Underwriters Know What Brokers Don't
Increasingly, underwriters are relying on "outside-in scans" according to Fintech Global. The goal is to find intrusion entry points via externally facing services. These will be reviewed alongside a traditional insurance application to form a view on a client’s cyber risk profile. Vulnerability scanning tools can identify network issues (e.g., a misconfigured firewall or an unauthorized device), application issues (e.g., security flaws or an SQL injection), system issues (e.g., outdated software or missing patches) or cloud issues (e.g., incorrect identity or access controls).

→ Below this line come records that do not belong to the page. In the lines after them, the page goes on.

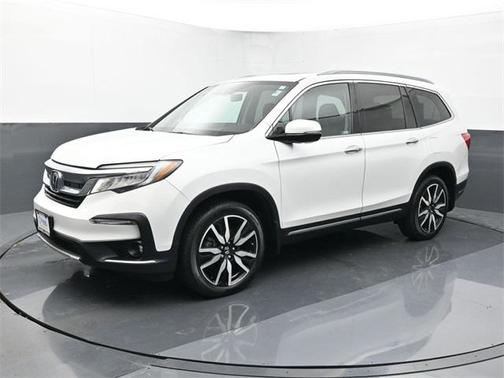 2022 Honda Pilot Touring 8-Passenger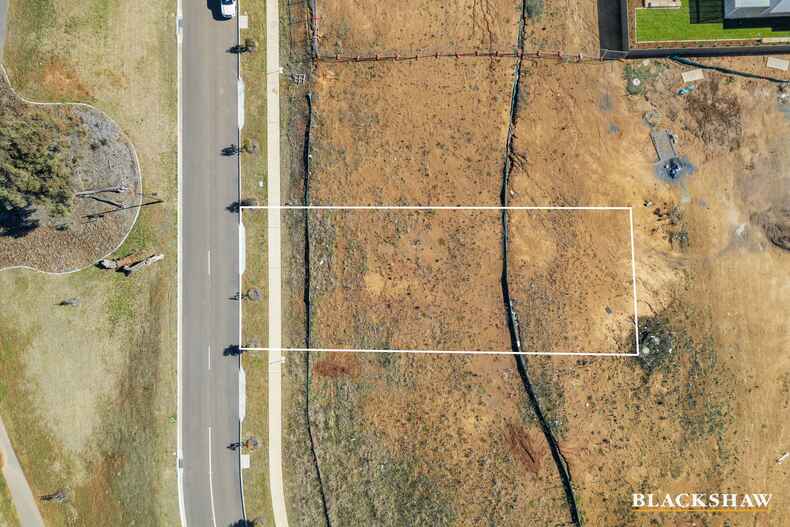 8 Ilma Stone Way Macnamara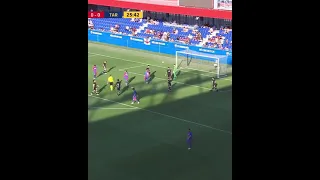 Great Pass from Riqui Puig!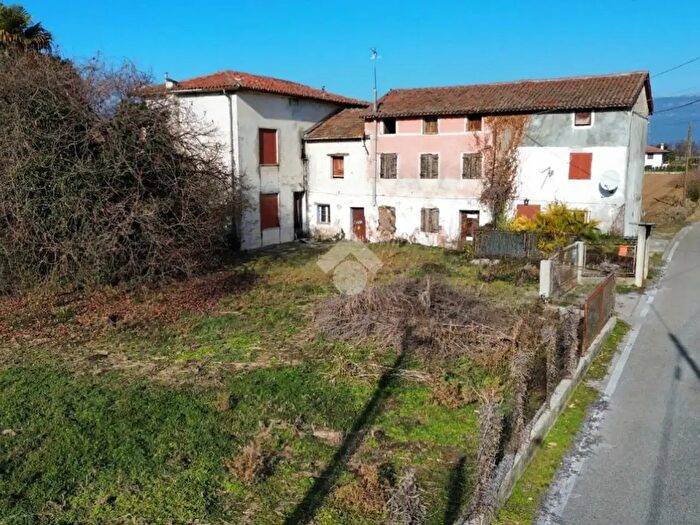 Casa con 10 locali in vendita in Via Melma, Rosa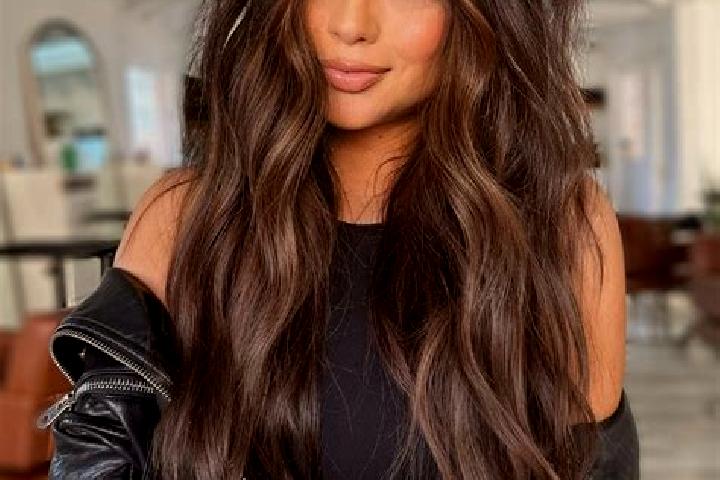 Scarlett, 32, a brunette dark-eyed ebony companion based in Haynecourt. Offering 69, Fetish, Couples. Available for incall and outcall, day and evening dates.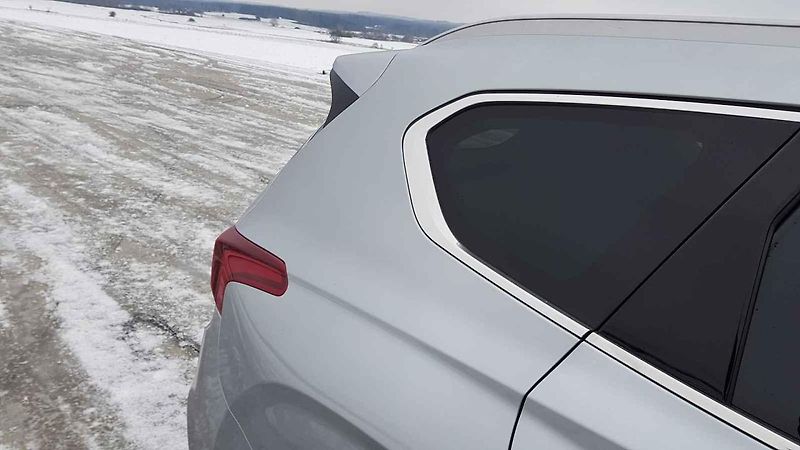 Hyundai Santa Fe vsadilo na nápadný design. Uveze až sedm cestujících.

What An Evidence-Backed Posture Should Look Like
Most of the mid-market companies I work with are currently working through implementing ISO 27001 or have completed the Essential Eight, which is a set of eight baseline strategies recommended by the Australian Signals Directorate (ASD) to help organizations protect against cyberthreats. Many of those controls already form part of the organization's information security management system (ISMS). ISMS is a structured set of policies, processes and procedures an organization uses to manage the security of its information in a systematic, ongoing way. There's even an ISO/IEC standard—ISO/IEC 27102—that describes how an ISMS can be used as part of the underwriting process for cyber insurance.
Where organizations get stuck is with the operational telemetry. What underwriters are looking for is audit-grade evidence of an organization's posture. One of the biggest changes between an old cyber insurance application and a 2026 version is the shift from self-attestation to verifiable evidence of the state of your systems.

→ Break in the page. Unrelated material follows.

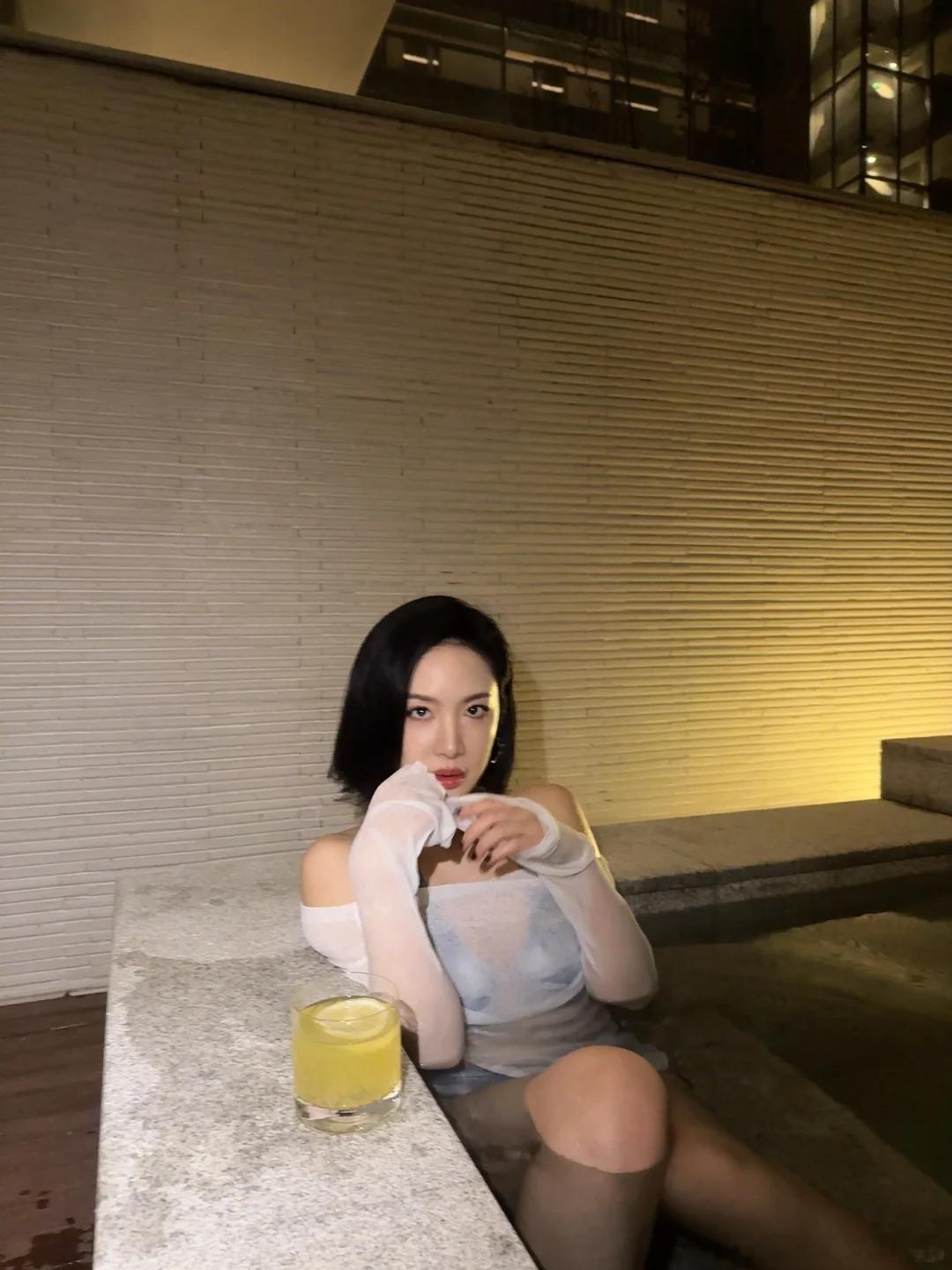来点朋友圈发不了的细糠👙出来旅行订了个带泡池的房间每天暴走之后在热气腾腾的池子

An evidence-based posture isn't something you can immediately purchase. A coverage report outlining where MFA is enabled for email, remote access, directory services, the network, servers and the admin console for the organization's backup repository is a good starting point, as this is the surface that typically fails. Next is the endpoint detection and response (EDR) application's coverage report, comparing the form to the actual endpoint coverage.

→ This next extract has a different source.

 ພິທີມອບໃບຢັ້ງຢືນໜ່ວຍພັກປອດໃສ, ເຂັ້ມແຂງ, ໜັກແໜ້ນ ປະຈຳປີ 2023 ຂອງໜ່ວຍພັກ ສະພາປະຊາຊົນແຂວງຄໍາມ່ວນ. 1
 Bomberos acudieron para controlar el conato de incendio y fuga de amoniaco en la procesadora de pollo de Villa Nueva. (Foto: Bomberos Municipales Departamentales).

This is followed by the immutability flag on the organization's backup software, ensuring that no domain admin credentials can log into the admin console for the organization's backup repository. A security information and event management (SIEM) system storing at least 90 days of logs and an incident response plan that has gone through a tabletop test within the last 12 months complete the picture.
Conclusion
When a board member asks me for guidance at renewal time, the answer is always the same: Only put forward what you can provide evidence of today, not what you believe is in place. The cost of a denied claim or a rescinded policy is huge, and it lands at the worst possible time.
The market is changing fast. Underwriters now want real-time information about your security operation, and a growing number of regulators no longer treat paper-based evidence of controls as enough. Mid-market firms would be wise to build up an evidence layer this year; they'll go into their 2027 renewal on far better terms than the ones who do nothing and find out the cost at claim time.
The questionnaire is really the controls roadmap. Treat it as one.